▸ **To do**
Locate "Hi guys, I'm" in the listing. Transcribe the line that contains it and every line that follows, through the last, omitting all pictures.

▸ **The data**

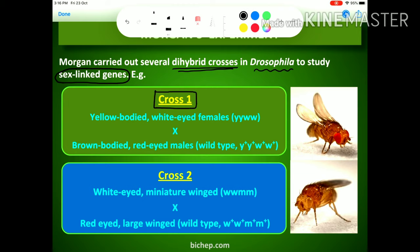In Cross One, Morgan considered two different characteristic features. Number one is body color — either yellow body or brown body. Brown body is dominant and yellow body is recessive. Number two is eye color — either white colored eye, which is recessive, or red colored eye, which is dominant.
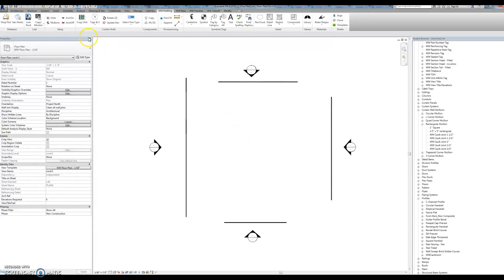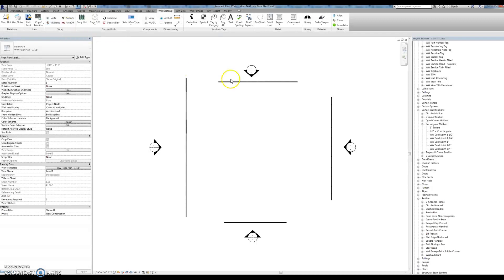Hi guys, I'm going to show you how to use this load mullions tool. Basically what this tool does is it takes a number of selected mullion profiles and creates a profile family as well as a mullion family type in your Revit project.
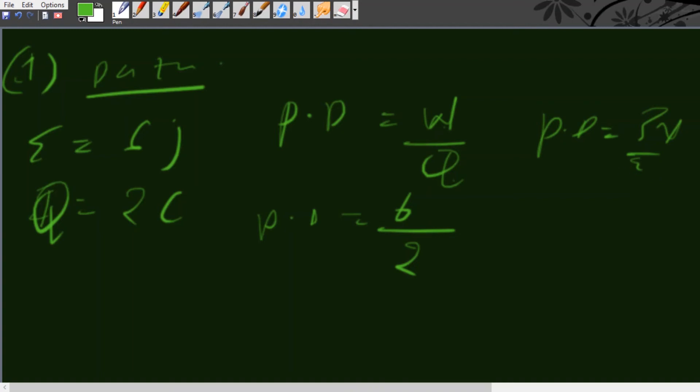Let us look at another example. In 20 seconds, a charge of 25 coulombs leaves a battery and 200 joules of energy are delivered to an outside circuit as a result. Question A: what is the potential difference across the battery?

▸ **Written answer**
Hi guys, I'm going to show you how to use this load mullions tool. Basically what this tool does is it takes a number of selected mullion profiles and creates a profile family as well as a mullion family type in your Revit project.
Let us look at another example. In 20 seconds, a charge of 25 coulombs leaves a battery and 200 joules of energy are delivered to an outside circuit as a result. Question A: what is the potential difference across the battery?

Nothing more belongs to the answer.